My name is Rachel, and I’m a mother of 4 children. I’m also the daughter of dedicated foster carers, Sharon and John.

“foster children are no different from us; they’ve just had some traumatic times.”

At first, it felt a bit unusual to be a part of a foster family, especially because back then, foster children shared a room with me. Nowadays, foster children are required to have their own bedrooms. Initially, it was a pleasant change to enjoy some quiet moments between placements, but I soon grew accustomed to sharing my room and eagerly looked forward to welcoming the next child into our family. Our house was always brimming with activity since my grandparents were also foster carers and frequently visited us. It was wonderful that we were all treated equally.

“as the child of foster parents, I’ve enjoyed the experience of meeting different children.”

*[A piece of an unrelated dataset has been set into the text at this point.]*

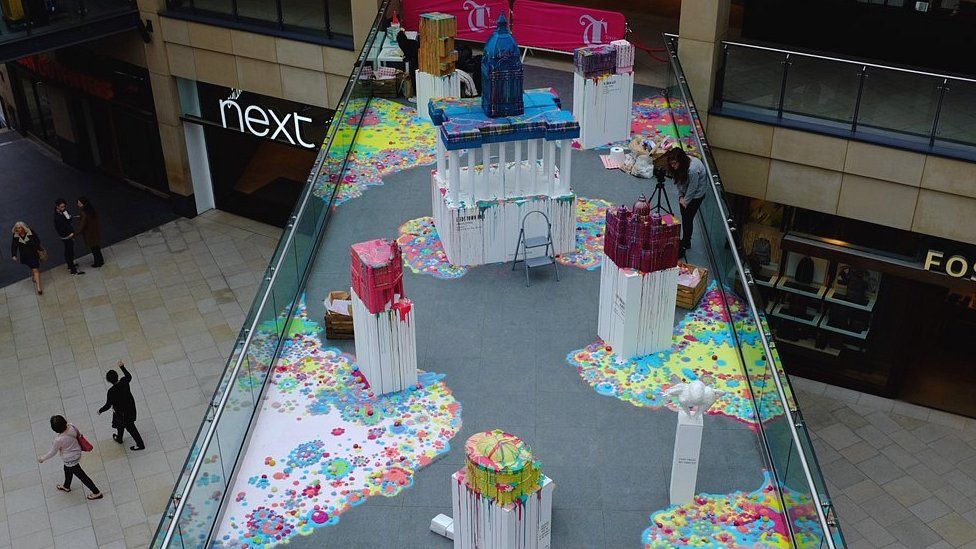 City of Cake Leeds landmarks recreated in edible form BBC News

I developed close bonds with all my foster siblings, and we still regard each other as family to this day. It was emotionally challenging when my parents had newborn babies, and as those babies either returned to their biological families or were adopted, I faced a unique set of emotional hurdles. Thankfully, my parents provided the support I needed to navigate these changes.

“foster children became our extended family, always welcome in our home.”

We had so many positive experiences, watching them grow into their unique characters. We had fun, shared laughter, and got into some minor trouble together lol, but we were grounded together like one big family.

“supporting them takes patience and time for trust to develop.”

The main adjustment was sharing my room, but I never felt any different. If anything, I always had a friend.

We were involved from the beginning and asked how we felt throughout the process. We were explained to a certain extent without breaking confidentiality, but most of the time, the children themselves would tell me. If they did, I would tell Mum, and she would handle it.

It makes me feel proud to see the children grow and move forward in life, whether that meant going home or finding adoptive families. I feel privileged to have met all the children who have stayed with us.

My advice would be to support them and be patient. It takes time for the children to trust you. Love and understanding are a must. Never comment on individual family members; just listen and be there for them.

I still support my parents with fostering, even though I have a family of my own. The foster children are my extended family and are treated the same as my own. They are always welcome in my home, and we do lots of things together.

“love and understanding are a must when supporting foster children.”

As the child of a fostering family, I can honestly say I have enjoyed the experience of meeting different children. The good times certainly outweigh the sad times. Foster children are no different from us or anyone else; it’s just unfortunate they have had some traumatic times. Hopefully, our family has been able to make a difference in their lives and continues to do so.